Why should conservatives and libertarians support this, given that Lessig accepts a $2 billion estimate of the cost? "Why is government so big?" Lessig asks, rhetorically. "Because Congressmen must get elected. The insidious relationship between the desire to regulate and the need for congressmen to get re-elected drives the expansion of government." Compare that $2 billion cost, Lessig suggests, to a radically shrunken (and less busy) FEC and the diminishment of loopholes and handouts.
Lessig quotes Ronald Reagan on how people vote themselves benefits from the treasury. Lessig agrees with the argument, but not the reasoning. "The problem we face is the problem of crony capitalism. Not wealth pumped down, but wealth pumped up."
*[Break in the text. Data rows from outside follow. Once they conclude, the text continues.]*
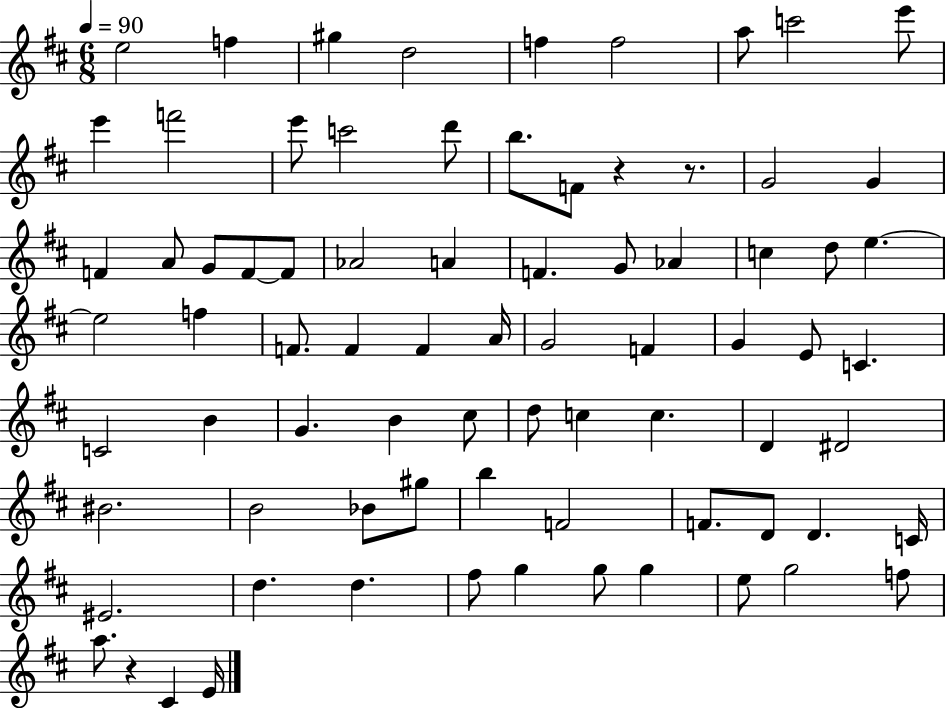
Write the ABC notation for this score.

X:1
T:Untitled
M:6/8
L:1/4
K:D
e2 f ^g d2 f f2 a/2 c'2 e'/2 e' f'2 e'/2 c'2 d'/2 b/2 F/2 z z/2 G2 G F A/2 G/2 F/2 F/2 _A2 A F G/2 _A c d/2 e e2 f F/2 F F A/4 G2 F G E/2 C C2 B G B ^c/2 d/2 c c D ^D2 ^B2 B2 _B/2 ^g/2 b F2 F/2 D/2 D C/4 ^E2 d d ^f/2 g g/2 g e/2 g2 f/2 a/2 z ^C E/4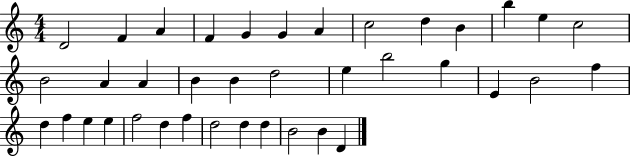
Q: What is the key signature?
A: C major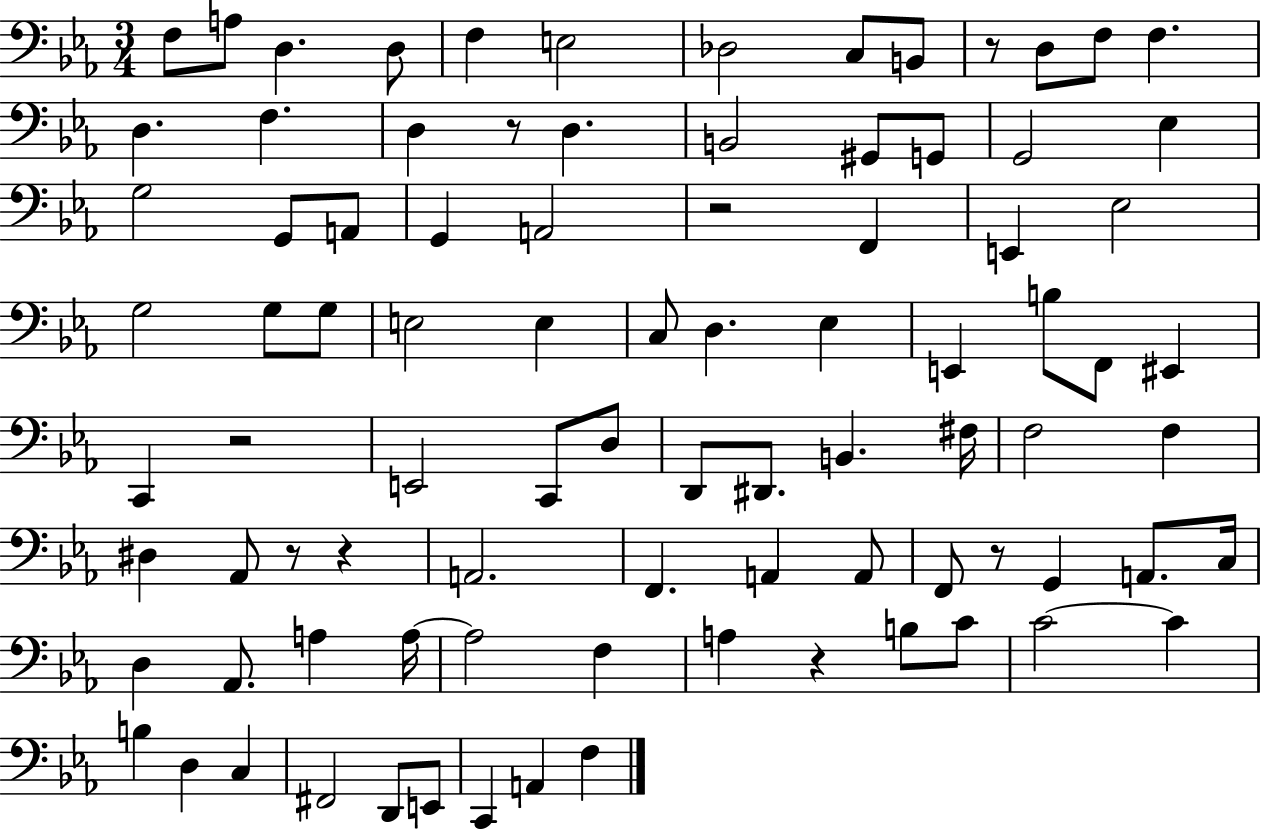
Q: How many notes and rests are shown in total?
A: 89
Lessig's Powerpoint presentation ends with a morphing of the Obama "CHANGE" sign into Lessig's "CHANGE CONGRESS" sign. "We need to take this important passion for change and direct it towards the institution that really needs to change."
The first question is on whether Lessig wants to limit free speech with public financing. He doesn't. "Some people say we spend too much on campaigns. I don't think we spend enough on campaigns." The presidential campaign will be a billion dollar race? Well, grow up: 18 billion flows around D.C. every year to influence legislation.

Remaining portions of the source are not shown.